Come si sa, dall’ 1 luglio i proprietari di casa, in caso di compravendite, sono costretti a redigere l’ attestato di certificazione (o qualificazione) energetica dei loro appartamenti.
Dal momento che le norme consentono di predisporre una certificazione energetica unica per tutto l’ edificio, è provvedere subito, per risparmiare: una sola certificazione costa meno di venti o trenta singole.
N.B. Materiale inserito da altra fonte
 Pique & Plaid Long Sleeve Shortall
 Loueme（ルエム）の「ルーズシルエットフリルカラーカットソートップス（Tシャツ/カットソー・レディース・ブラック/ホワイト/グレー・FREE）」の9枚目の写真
Il dlgs n. 192 / 2005 afferma, infatti, che, in caso di condomini dotati di caldaia centralizzata, è possibile redigere un’ unica certificazione energetica per tutto l’ edificio. Quando invece le caldaie sono singole, resta possibile certificare unitariamente gli appartamenti della stessa tipologia (grandezza e caldaiette simili).
La certificazione energetica comune conviene a chi intende vendere il proprio appartamento entro alcuni anni. Invece sarà poco propenso ad affrontare la spesa chi è sicuro di continuare ad abitare la casa ancora per molto tempo o non intende affittarla a breve.
Infatti la validità di un attestato è di dieci anni: all’ undicesimo questo documento non vale più.
Secondo l’ Ace (associazione certificatori energetici), bisogna distinguere tra documenti seri e non. Sarebbe in atto una vera propria corsa al ribasso delle tariffe, con offerte che vanno da 70 – 80 euro a certificazione di appartamento nei supercondomini, a 100 euro in media nei condomini di medie dimensioni, contro i 400 euro che sarebbero dovuti in media per una certificazione singola (cifre che confermiamo, dopo un giro di telefonate agli amministratori).
Una certificazione condominiale seria dovrebbe invece quotare sui 250 euro ad appartamento, se la caldaia è centralizzata, e almeno 50 euro in più se è singola.
A sostenere la svendita sarebbero soprattutto quei tecnici qualificati secondo la vecchia legge n. 10 / 1991 che sono assurti a certificatori senza nemmeno seguire un corso e spesso compilano certificazione energetiche di dubbia qualità con l’aiuto dei programmini informatici imposti dalle regione o forniti da aziende di software.
Alla regione Lombardia confermano che una verifica a campione di una quarantina di certificazioni, pur fatta con una certa tolleranza per le sviste più superficiali, ne ha identificato una buona fetta di inaccettabili e sottoponibili alle sanzioni di legge (che colpiscono i certificatori, non i loro clienti).
I migliori tecnici sono risultati quelli che lo sono divenuti di recente, e quindi sono stati costretti a seguire i corsi di formazione.
La certificazione energetica condominiale riguarda i singoli appartamenti e non le parti comuni, come scale, androni e corridoi (che non sono riscaldate).
Perciò una delibera potrebbe essere radicalmente nulla, perché il suo oggetto (l’ appartamento, appunto) è fuori dall’ ambito delle decisioni condominiali.
Quindi l’ amministratore può solo proporre la certificazione comune, lasciando a ciascuno libera scelta. D’ altronde è anche vero che la caldaia centralizzata è senz’ altro un impianto di proprietà condominiale e che i muri esterni del palazzo, che fanno da cappotto all’edificio, sono anch’ essi comuni.
Una buona soluzione è deliberare in assemblea il calcolo delle prestazioni energetiche di caldaia centralizzata, muri e tetto, a spesa comune. Viceversa resterà facoltà di ciascuno, a spese aggiuntive proprie, chiedere o meno la certificazione energetica, completando l’ analisi con eventuali valutazioni del proprio appartamento.